Photo: V.S. Biletskyi
Article by: Vitaliy Portnikov
Translated by: Anna Mostovych

In April 2014, a few weeks after the annexation of Crimea, I encountered the Russian business ombudsman Boris Titov during a broadcast of Radio Svoboda. The official was boorish and insolent.

When compared with other supporters of Putin’s adventures, he was especially rude and insulting when responding to comments about the real international status of Crimea. In short, it was obvious that Boris Titov was nervous.

Russian colleagues explained the reasons for this hysterical behavior after the broadcast. They said that the ombudsman was preparing to seize the winemaking enterprises on the peninsula and that my constant comments on the restoration of international law and the retribution facing Russian war criminals forced him to doubt the longevity of his own plans. This is why Titov reddened and paled during the broadcast and repeated “You’re a fool! A fool!” as if wound up. It was business, nothing personal.

Three years after the discussion with the odious official I read a great investigative article in the Russian online publication Medusa on the fate of Crimean winemaking. Boris Titov is mentioned only once, when the subject is his attempts to appropriate Novyi Svit (famous Crimean champagne house — Ed.). But the main part of the article is devoted to the sorry fate of the legendary Massandra winery, which was transferred under the management of the affairs of the president of the Russian Federation. In Russia everyone knows what this expression hides; the simpler phrase is “seized by Vladimir Putin.”
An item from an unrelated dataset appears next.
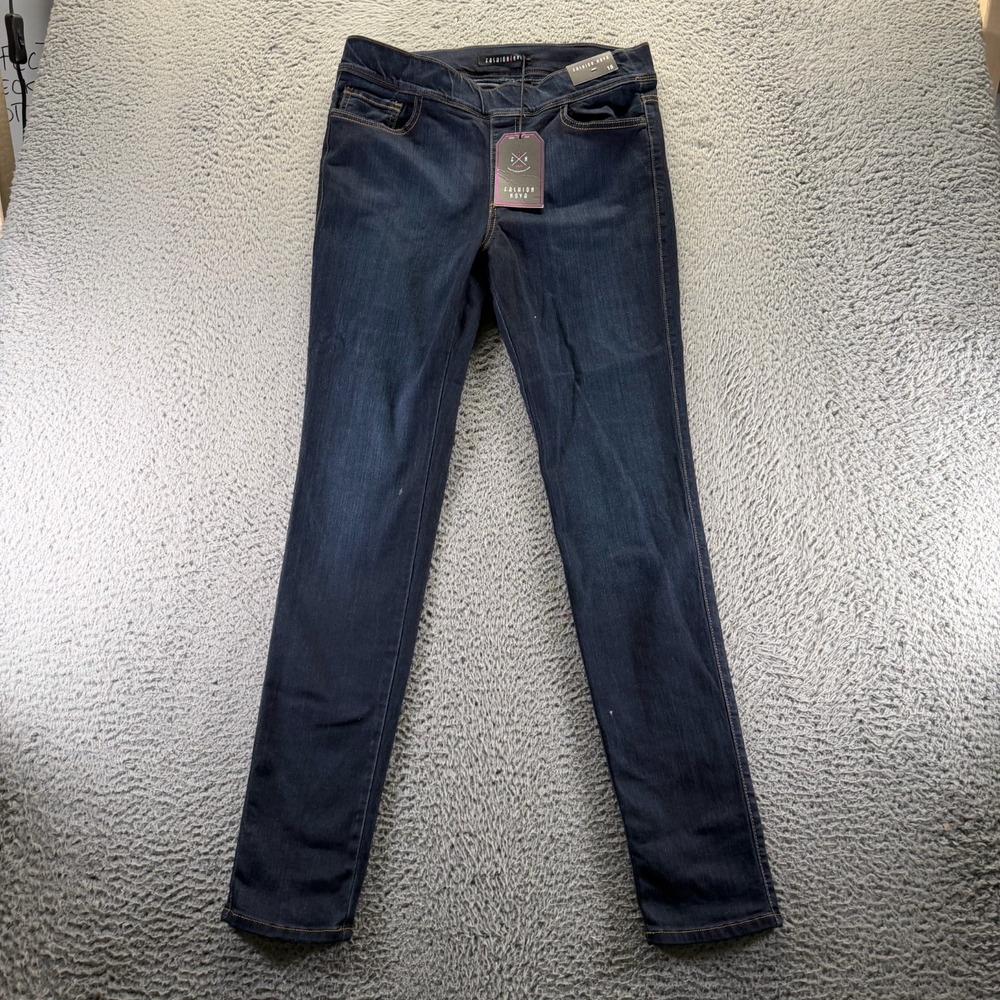 Fashion Nova Vibrant Miu Jeans Juniors 15 Blue Denim Jegging Skinny Made USA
There are all kinds of  invaders. After all, one must know how to manage seized property. The problem in modern Russia is not only complete contempt for the norms of international law and morality, but also blatant incompetence. It can be seen very clearly in the fate of Crimean winemaking. Massandra will cease being Massandra, and Novyi Svit will cease being Novyi Svit. Everything will work out for Putin and Titov.  More accurately, nothing will work out.

Legendary Massandra sherry. Photo: Pavel Mozhaev
Legendary Massandra sherry. Photo: Pavel Mozhaev

When we think about the return of Crimea, we often imagine that we will return to “zero”, to the point when the annexation began. And that normal peaceful life will begin again, and that little by little Crimea with turn into a normal Ukrainian region with Crimean Tatar characteristics. But this is a great illusion. Right in front of our eyes everything is dying that once formed the essence of life on the peninsula, not only during its existence in the USSR and independent Ukraine but also in pre-Soviet times. To the local Crimean robbers who still hesitated to cut the branch they were sitting on were added the Moscow looters. Many of them are well aware that they will have to give up the peninsula sooner or later. And this is why they are rushing to squeeze it like a ripe fruit.

There is nothing new in any of this. This was pretty much the attitude of the Russian authorities regarding the Kaliningrad region after World War II. It seemed that this territory would not remain part of the USSR for very long and that is why the Russians removed everything from it. When 30 years later, after the Helsinki meeting, the European borders were declared inviolable, the decision was made to develop the Kaliningrad region. But it was already late. The former East Prussia had finally been transformed into a dead Russian province.

If Crimea is not liberated soon from the looters, it will suffer the same sad fate.